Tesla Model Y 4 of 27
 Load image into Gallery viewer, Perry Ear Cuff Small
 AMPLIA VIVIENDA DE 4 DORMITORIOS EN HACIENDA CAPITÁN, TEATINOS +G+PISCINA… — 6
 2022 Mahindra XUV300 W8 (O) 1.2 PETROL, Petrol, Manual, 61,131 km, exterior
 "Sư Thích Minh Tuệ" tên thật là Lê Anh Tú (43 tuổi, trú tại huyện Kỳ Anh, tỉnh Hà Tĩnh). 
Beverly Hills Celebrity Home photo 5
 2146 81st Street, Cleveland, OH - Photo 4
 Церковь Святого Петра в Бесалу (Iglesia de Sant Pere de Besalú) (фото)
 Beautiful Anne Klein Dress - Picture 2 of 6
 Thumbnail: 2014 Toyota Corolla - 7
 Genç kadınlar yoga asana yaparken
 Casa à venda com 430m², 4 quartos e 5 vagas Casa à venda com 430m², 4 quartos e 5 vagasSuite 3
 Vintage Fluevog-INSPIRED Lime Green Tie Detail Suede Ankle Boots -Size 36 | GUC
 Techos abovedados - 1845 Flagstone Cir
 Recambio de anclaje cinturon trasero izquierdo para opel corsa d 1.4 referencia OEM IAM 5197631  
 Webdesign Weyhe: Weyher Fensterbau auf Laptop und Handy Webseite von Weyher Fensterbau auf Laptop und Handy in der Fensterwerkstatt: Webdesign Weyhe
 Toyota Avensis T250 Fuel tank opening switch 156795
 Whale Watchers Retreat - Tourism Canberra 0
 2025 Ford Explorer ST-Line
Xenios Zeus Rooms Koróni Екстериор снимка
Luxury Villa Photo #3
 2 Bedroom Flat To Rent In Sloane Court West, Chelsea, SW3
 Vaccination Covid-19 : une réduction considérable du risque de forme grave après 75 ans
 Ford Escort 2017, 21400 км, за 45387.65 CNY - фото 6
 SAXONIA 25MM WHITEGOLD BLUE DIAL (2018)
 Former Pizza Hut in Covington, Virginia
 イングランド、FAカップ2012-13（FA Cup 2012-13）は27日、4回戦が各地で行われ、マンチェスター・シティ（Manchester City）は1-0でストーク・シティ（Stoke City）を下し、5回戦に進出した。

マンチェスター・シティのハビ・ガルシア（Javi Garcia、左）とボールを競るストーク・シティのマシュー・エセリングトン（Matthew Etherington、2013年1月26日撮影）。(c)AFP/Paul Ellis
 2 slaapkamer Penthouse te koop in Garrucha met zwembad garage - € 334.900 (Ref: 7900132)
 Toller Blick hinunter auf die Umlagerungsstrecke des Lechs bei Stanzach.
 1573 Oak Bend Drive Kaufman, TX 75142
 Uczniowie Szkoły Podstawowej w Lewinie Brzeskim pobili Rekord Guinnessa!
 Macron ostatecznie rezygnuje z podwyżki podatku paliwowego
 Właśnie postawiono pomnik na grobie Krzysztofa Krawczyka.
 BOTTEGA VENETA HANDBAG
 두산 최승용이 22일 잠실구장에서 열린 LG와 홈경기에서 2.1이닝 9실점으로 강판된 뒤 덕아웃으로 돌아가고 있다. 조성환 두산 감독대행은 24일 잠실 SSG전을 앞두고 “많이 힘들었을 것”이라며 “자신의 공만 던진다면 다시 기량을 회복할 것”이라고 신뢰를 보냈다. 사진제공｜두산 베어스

> [Work required]
Copy out each line of the listing that holds the string "Toyota".

> [Solution to the exercise]
 Thumbnail: 2014 Toyota Corolla - 7
 Toyota Avensis T250 Fuel tank opening switch 156795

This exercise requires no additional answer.